For a highly informative artifact of what dating was like in the 1990s, please see The Rules, which was considered quite the counter-revolution but actually made complete sense. It was a great resource for my dating advice until I found out about Tinder. Tinder broke me, people. If marriage-aged men can get sex from attractive marriage-aged women as easily as they can get dinner at McDonald's, dating is dead. It's time for arranged marriages.
Well, I am mostly kidding about arranged marriages. However, I do think limiting what we called "the dating pool" to those people most likely to share your most cherished values is the only way to go. For the majority of my readers, this means doing your level best to get your post-secondary education at those Catholic colleges that are actually Catholic or to find work among graduates of those schools. Of course, such circles are small, so you must not act like Scarlett O'Hara but be sensitive, reasonable and not gossip about your suitors.

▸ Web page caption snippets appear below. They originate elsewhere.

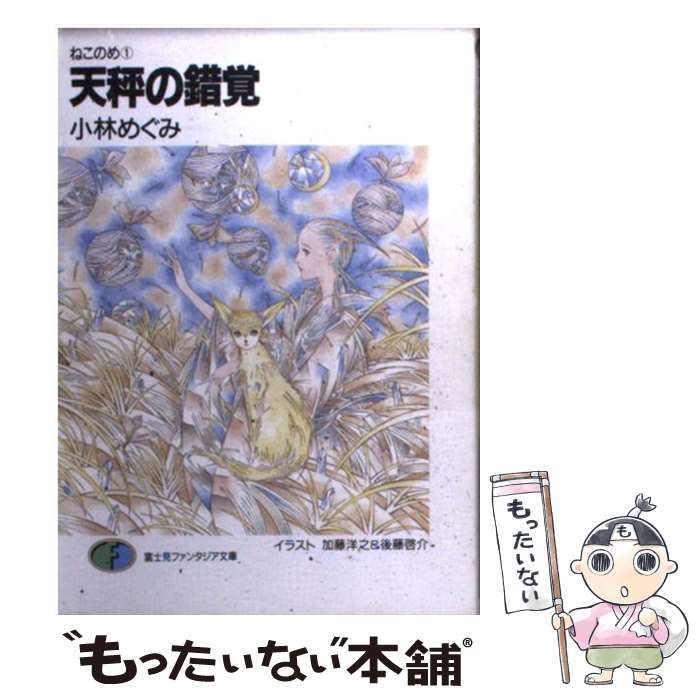 【中古】 天秤の錯覚 ねこのめ１/富士見書房/小林めぐみ Amazon.co.jp: ねこのめ 天秤の錯覚 (富士見ファンタジア文庫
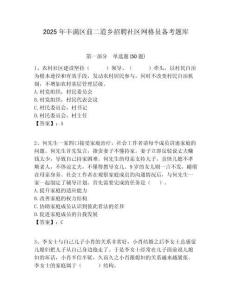 2025年豐滿區(qū)前二道鄉(xiāng)招聘社區(qū)網(wǎng)格員備考題庫(kù)附答案詳解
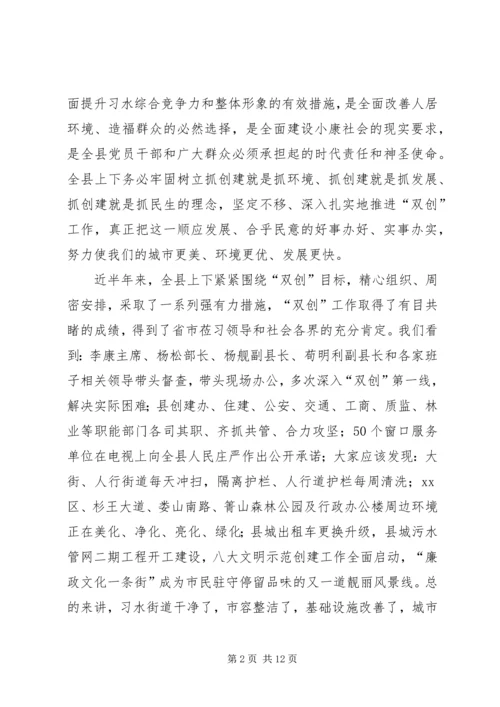 县委书记在全县“双创”工作会上的讲话.docx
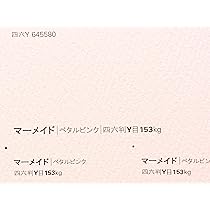 Amazon.co.jp: マーメイド紙 153kg B5サイズ 32枚入り 選べる30色 vol
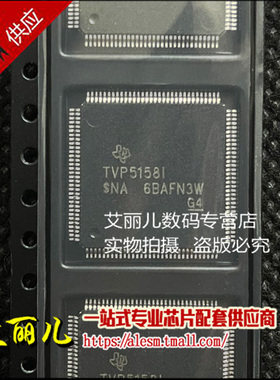 TVP5158IPNPR TVP5158IPNP TVP5158I TQFP128 全新原装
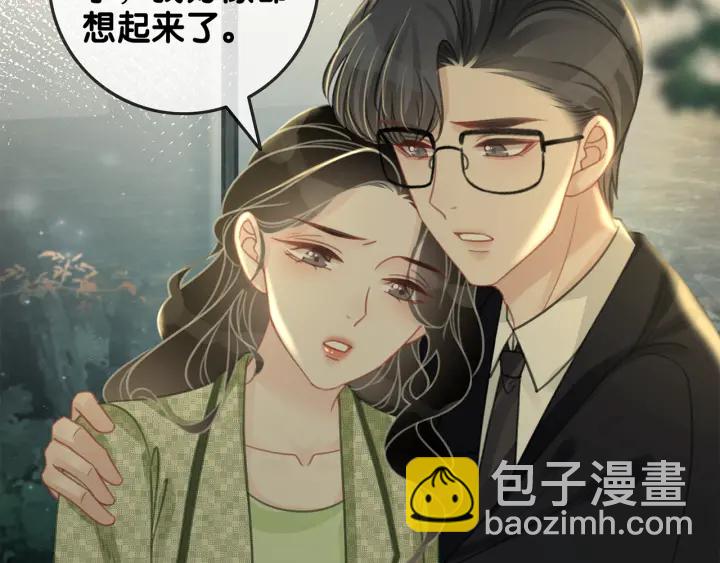 第117话 原来凶手是我(1/2)-第119话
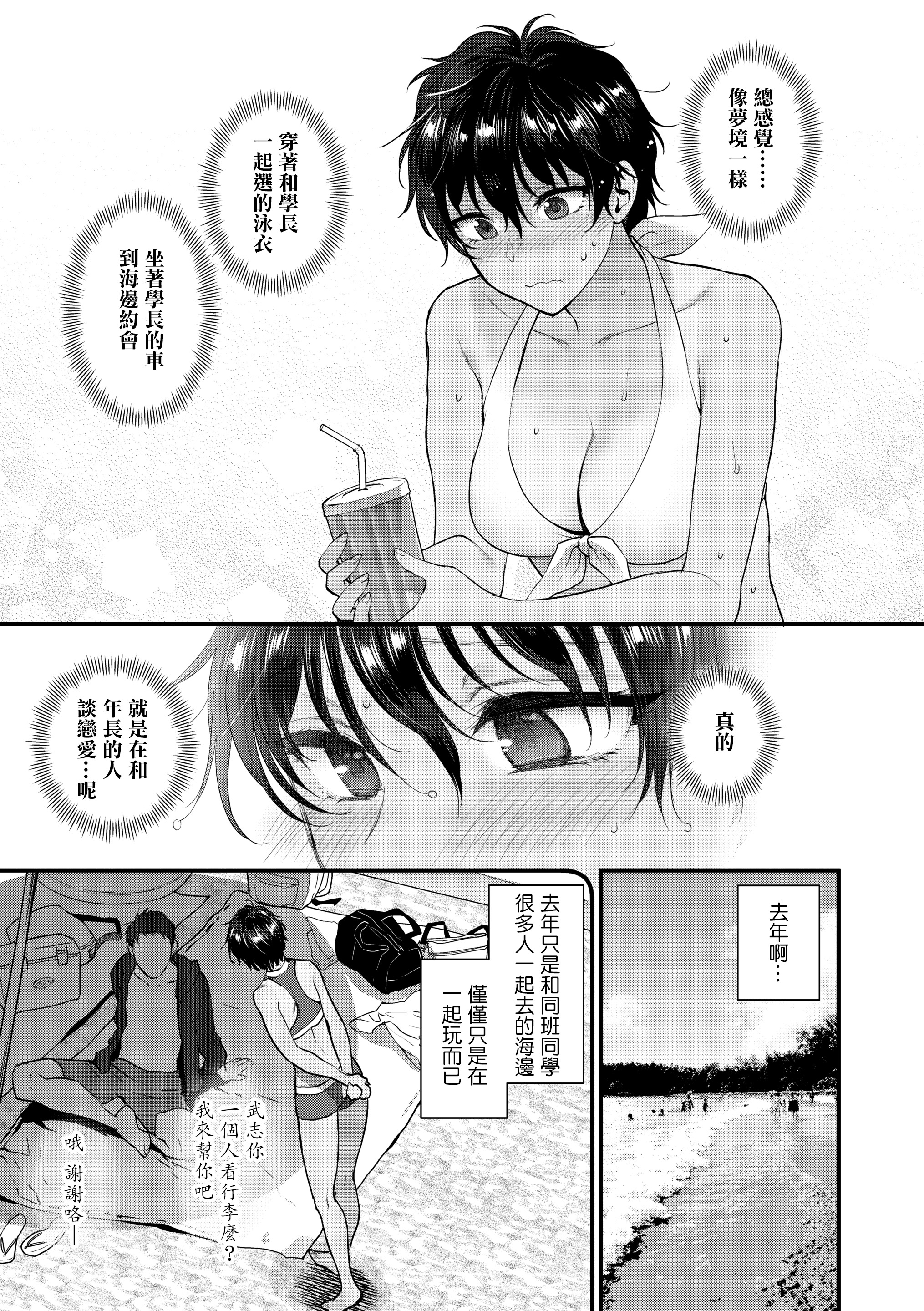 なつのおもででこしたい|想留下夏天的回忆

Another possibility--I see I am writing about dating despite the title of this post--is to figure out who the Singles are at daily mass or the TLM (EF) and to get to know them. If they are trads and you are a girl, sit tight and smile, but wait for the guy to make what he thinks is the first move. Actually, you will have made the first move--as women have usually done--by being approachable or going right up to him to chat after Mass, but he will think he has made the first move, which is pretty crucial in trad circles.
Amusingly, I know traddy Singles--male and female--who have gone to the local SSPX chapel just to see what their Singles look like. Perhaps there has been much exaggeration, but it would seem that the Scottish SSPX men are a tough lot, with scars on their close-cropped heads telling of bar fights and smashed bottles. Personally, I have profited from the Anglicans fleeing "progress" to the bosom of Holy Mother Church, so consider disgruntled Piskie circles as potential dating pools. You may have to put up with a lot of complaining about women-on-the-altar, however.
In conclusion: Benedictine Option. At least, I think so. I haven't read the book yet. But don't settle. Don't marry the first decent Catholic guy who comes along if you realize he is a dead bore. It's not fair on him; it's not fair on you. Some other girl (possibly also a dead bore) will see in him her heart's desire, and they will be happy and boring together.
*Actually, fallen human nature being what it is, there was probably internet p*rn as soon as there was any internet whatsoever, but presumably only a few professors/scientists/military personnel could see it.